**Prompt**. Without adding anything, give again the lines from the one holding "a fashionable middle" through the final line of the records, exactly, with both ends included and pictures dropped.

**Dataset records**.
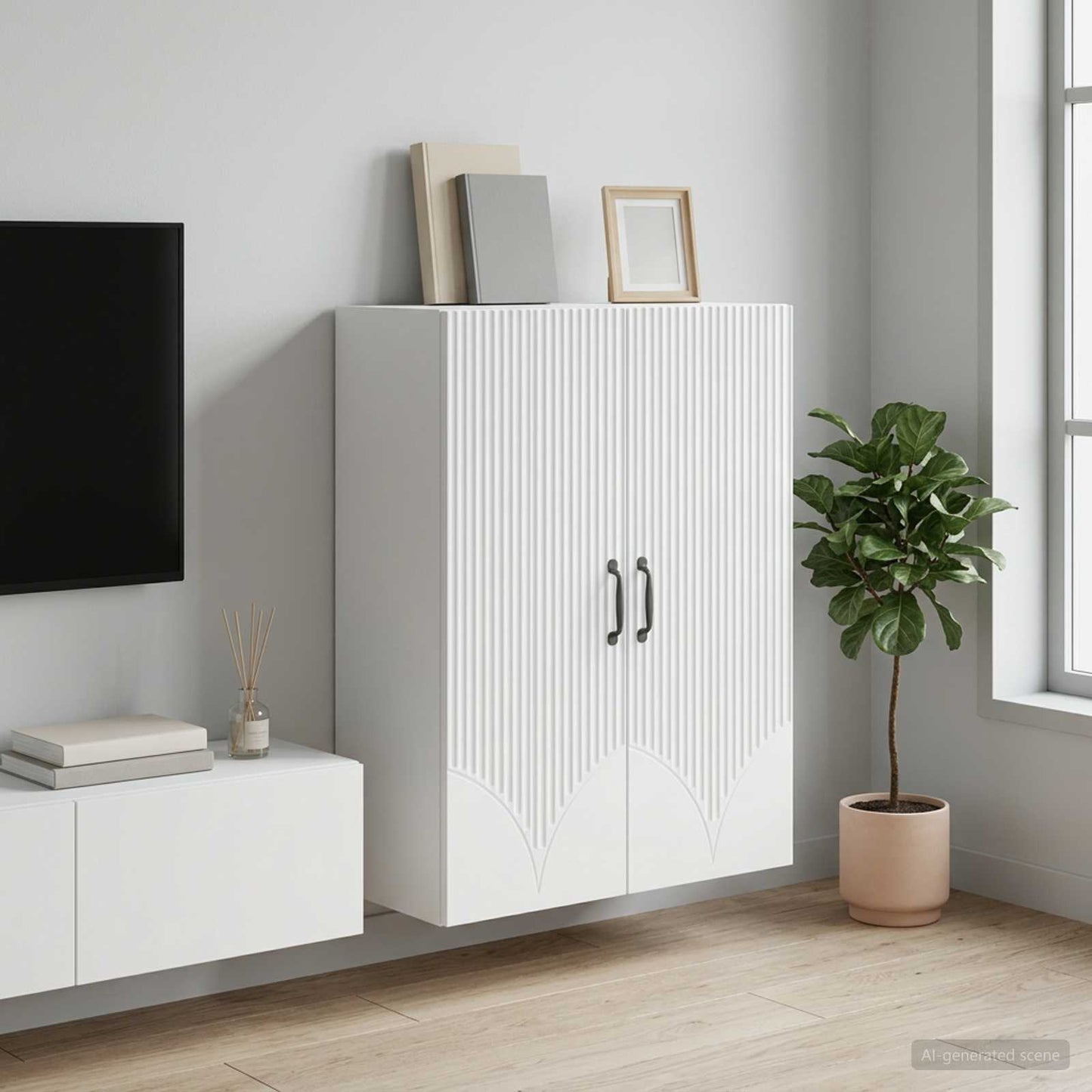 Wandschrank Weiß 66 x 34,5 x 90 cm Holzwerkstoff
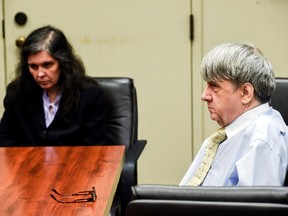 In this Aug. 3, 2018 file photo, Louise Turpin, left, and her husband, David Turpin appear in Superior Court in Riverside, Calif. The Turpins, who starved a dozen of their children and shackled some to beds, face sentencing for years of abuse. The couple is due Friday, April 19, 2019, in Riverside County Superior Court for a proceeding that is largely a formality.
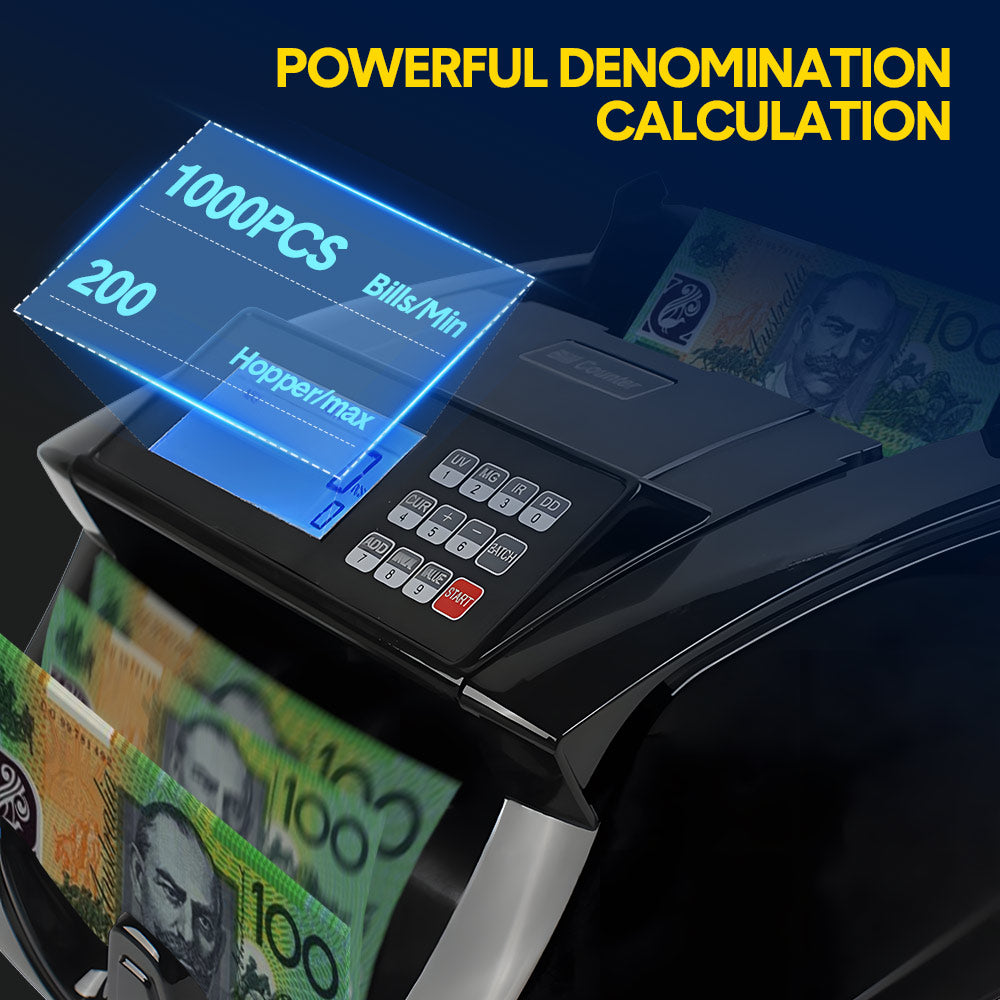 Auto Money Bill Counter Counting Machine Australia Notes with UV MG IR Detector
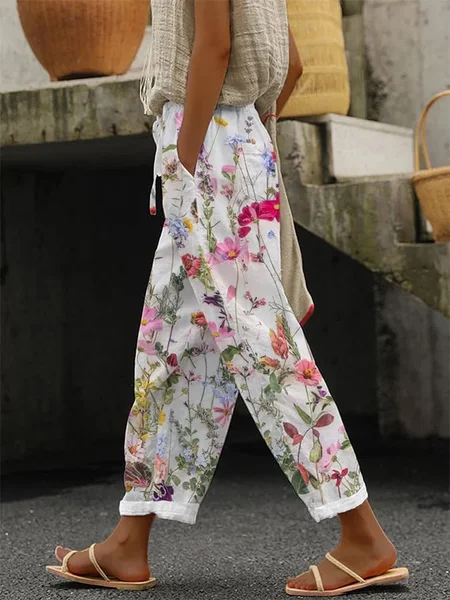 Women Floral Long Pant Casual Spring/Fall Trousers, White, Pants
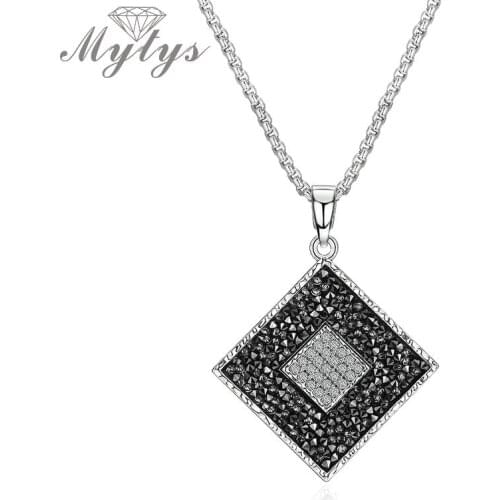 Mytys Pave Setting Crystal Geometric Square Pendant Necklace Long Sweater Chain Designer Jewelry Accessory for Girls Women CN357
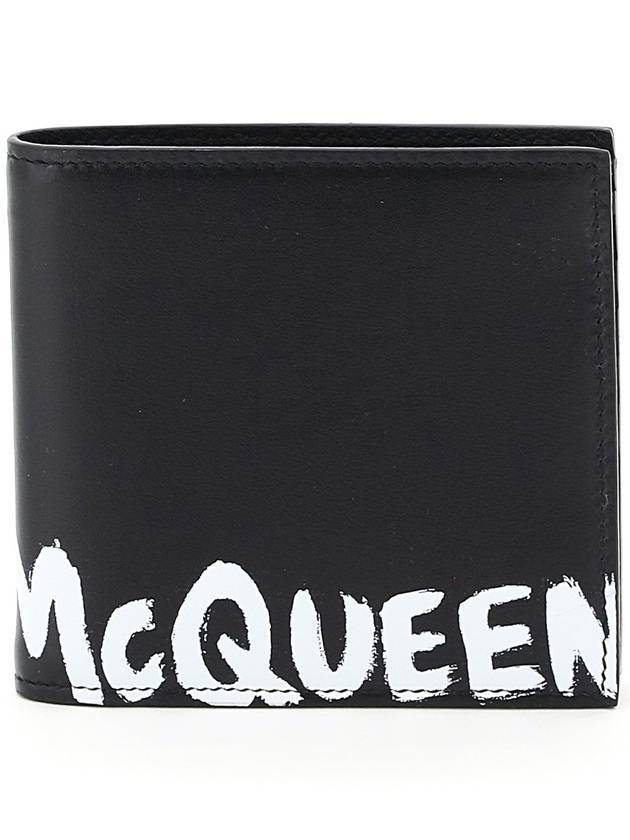 Men's White Graffiti Logo Bicycle Wallet Black - ALEXANDER MCQUEEN - BALAAN.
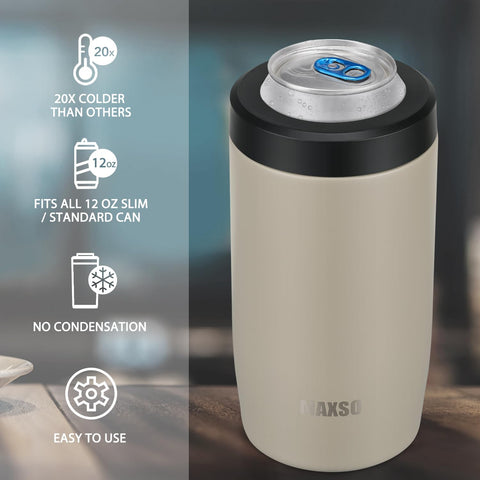 Itslife double-walled stainless steel insulator prevents condensation on icy drinks.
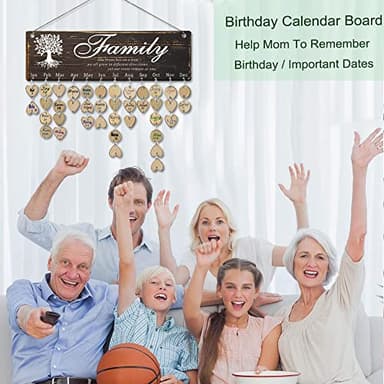Logresy Birthday Gifts for Grandma, Family Birthday Tracker Reminder Calendar Board, Best Mom Grandma Christmas Mother Day Present Idea, Record Birthday in One Place, New Year Gift for Elderly - Image 2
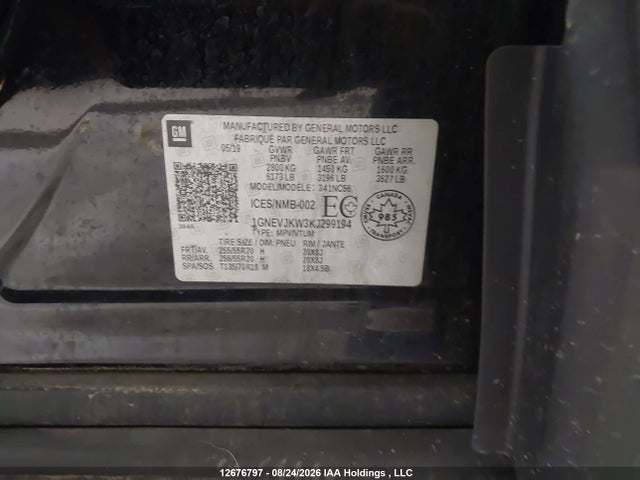 1GNEVJKW3KJ299194 Chevrolet Traverse High Country/rs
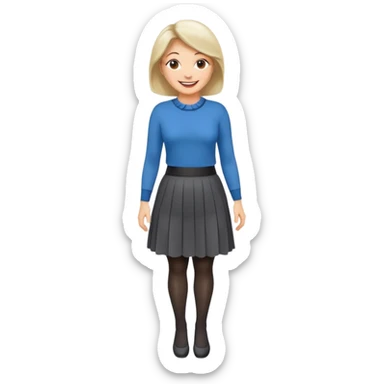 a fashionable middle aged woman, wearing skirt and tights  sticker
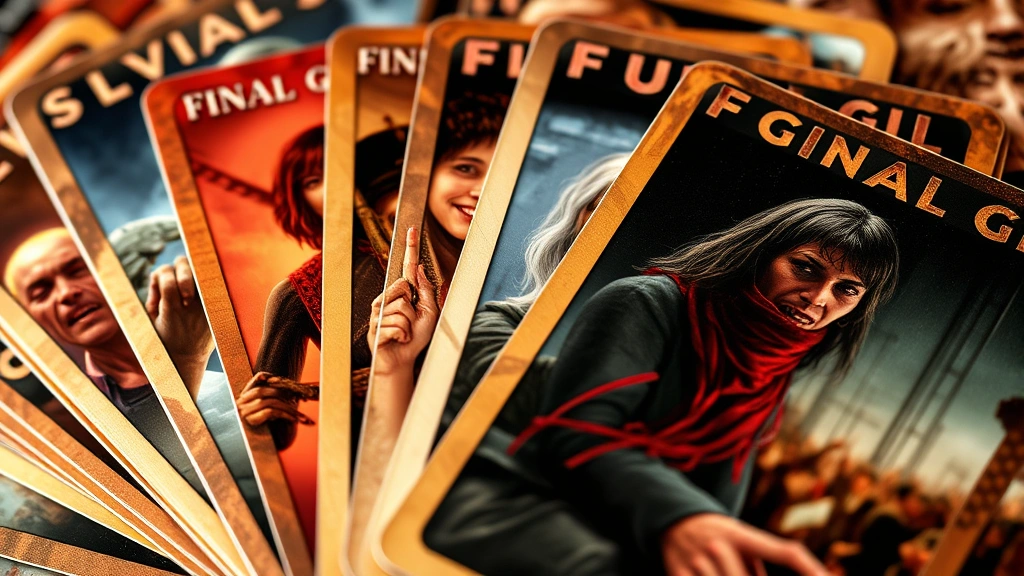 Close-up of Final Girl game cards fanned out displaying intricate horror artwork and detailed illustrations of survivors and killer scenarios with cinematic quality photography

**Solution to this exercise**.
 a fashionable middle aged woman, wearing skirt and tights  sticker
 Close-up of Final Girl game cards fanned out displaying intricate horror artwork and detailed illustrations of survivors and killer scenarios with cinematic quality photography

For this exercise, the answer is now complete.